N. O. - Au Moyen Age, le monde arabo-musulman était l’un des plus prospères, les plus avancés sur le plan scientifique et artistique... Comment expliquer ce qu’on peut considérer ensuite comme une panne de la pensée arabo-musulmane ?
T. Ramadan. - L’explication est multidimensionnelle. Quand on considère l’Histoire, on voit qu’à un moment donné, en effet, cette civilisation a été brillante. Ce qui prouve qu’il n’y a pas de handicap structurel, lié à l’essence de l’islam. C’est donc bien que les circonstances historiques ont joué. Même si cela ne doit pas nous dispenser de nous demander pourquoi le monde musulman vit cette panne et quelle est notre part de responsabilité.

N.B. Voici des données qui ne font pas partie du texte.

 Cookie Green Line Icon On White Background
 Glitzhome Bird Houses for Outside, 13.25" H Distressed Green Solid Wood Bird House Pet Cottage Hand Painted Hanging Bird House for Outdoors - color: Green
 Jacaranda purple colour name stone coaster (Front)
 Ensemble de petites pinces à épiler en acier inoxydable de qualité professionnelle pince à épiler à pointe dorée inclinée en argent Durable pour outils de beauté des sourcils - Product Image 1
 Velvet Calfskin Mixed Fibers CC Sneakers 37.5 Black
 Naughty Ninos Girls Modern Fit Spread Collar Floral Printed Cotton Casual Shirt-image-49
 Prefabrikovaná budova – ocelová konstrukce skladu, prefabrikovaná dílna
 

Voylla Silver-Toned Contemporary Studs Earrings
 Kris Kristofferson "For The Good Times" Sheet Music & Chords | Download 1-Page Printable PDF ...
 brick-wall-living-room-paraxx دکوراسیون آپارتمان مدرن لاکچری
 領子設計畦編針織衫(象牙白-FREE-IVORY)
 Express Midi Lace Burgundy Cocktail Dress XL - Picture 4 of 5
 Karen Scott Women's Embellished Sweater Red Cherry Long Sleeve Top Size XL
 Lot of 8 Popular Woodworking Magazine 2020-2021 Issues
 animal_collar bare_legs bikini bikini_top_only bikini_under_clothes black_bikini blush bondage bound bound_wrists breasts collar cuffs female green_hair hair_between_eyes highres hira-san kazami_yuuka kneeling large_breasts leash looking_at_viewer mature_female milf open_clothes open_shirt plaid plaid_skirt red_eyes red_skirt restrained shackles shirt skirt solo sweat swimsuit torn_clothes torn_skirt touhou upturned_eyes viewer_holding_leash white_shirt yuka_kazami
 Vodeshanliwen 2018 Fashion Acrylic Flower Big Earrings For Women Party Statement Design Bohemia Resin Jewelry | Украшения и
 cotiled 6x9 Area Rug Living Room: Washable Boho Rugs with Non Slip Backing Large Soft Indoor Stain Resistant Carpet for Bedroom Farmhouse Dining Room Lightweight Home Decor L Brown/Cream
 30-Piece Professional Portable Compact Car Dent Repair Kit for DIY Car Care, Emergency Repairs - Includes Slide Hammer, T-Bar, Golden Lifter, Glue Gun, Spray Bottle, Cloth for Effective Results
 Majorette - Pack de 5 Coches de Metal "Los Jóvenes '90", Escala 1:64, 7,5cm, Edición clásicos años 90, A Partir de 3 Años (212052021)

Oui, à un moment donné, il y a eu chez les musulmans, dans leur rapport à leur environnement, un blocage intellectuel. Il y avait une démarche rationnelle, qui ne craignait pas la lecture des philosophes grecs. Puis, vers le XIIIe siècle, il y a eu les prémices d’une sclérose, une focalisation sur la Loi exclusive. Pourquoi ? Parce que, de dominant, le monde musulman devient - ou se sent - alors dominé. La crispation naît de ce rapport de domination. Pour résister aux références venues de l’extérieur, on s’arrime à une définition fermée de la Loi. C’est une attitude psychologique connue.
Le problème que nous avons aujourd’hui, tient à l’obsession de la limite, de la norme froide et sacralisée. Dès lors, vous n’avez plus de pensée, de débat philosophique et social. Face à une Europe qui développe un progrès scientifique et technologique dans lequel l’efficacité et le rendement priment sur l’éthique, la civilisation musulmane semble se figer dans la norme morale. Seul un travail critique de l’intérieur permettra aux musulmans de vivre le progrès sans perdre leur ethique. Sachez que beaucoup de musulmans, et particulièrement en Occident, tentent de renouer avec ce qui a fait la richesse de nos grandes périodes d’ébullition intelectuelle. L’effet médiatique du 11 septembre ne doit pas nous faire négliger la réalité si positive de ces réalisations forcément lentes et réelles.